Problem to solve: Transcribe the data that follows without changing a word, and omit the pictures.

═════ Provided data

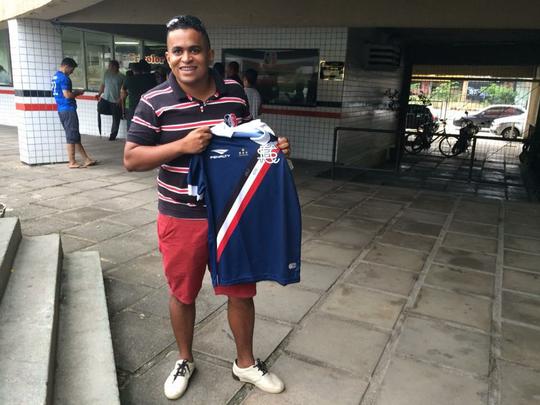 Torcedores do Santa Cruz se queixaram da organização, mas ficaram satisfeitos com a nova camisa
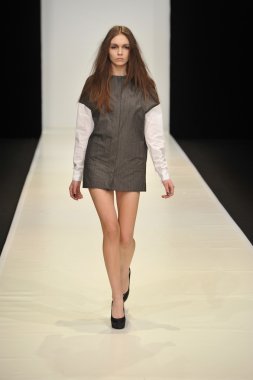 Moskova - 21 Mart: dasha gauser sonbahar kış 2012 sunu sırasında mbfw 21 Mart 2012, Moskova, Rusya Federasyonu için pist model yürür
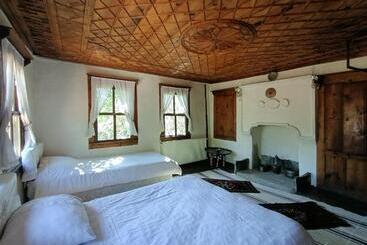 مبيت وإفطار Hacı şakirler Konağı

══════════

Answer for the task:
 Torcedores do Santa Cruz se queixaram da organização, mas ficaram satisfeitos com a nova camisa
 Moskova - 21 Mart: dasha gauser sonbahar kış 2012 sunu sırasında mbfw 21 Mart 2012, Moskova, Rusya Federasyonu için pist model yürür
 مبيت وإفطار Hacı şakirler Konağı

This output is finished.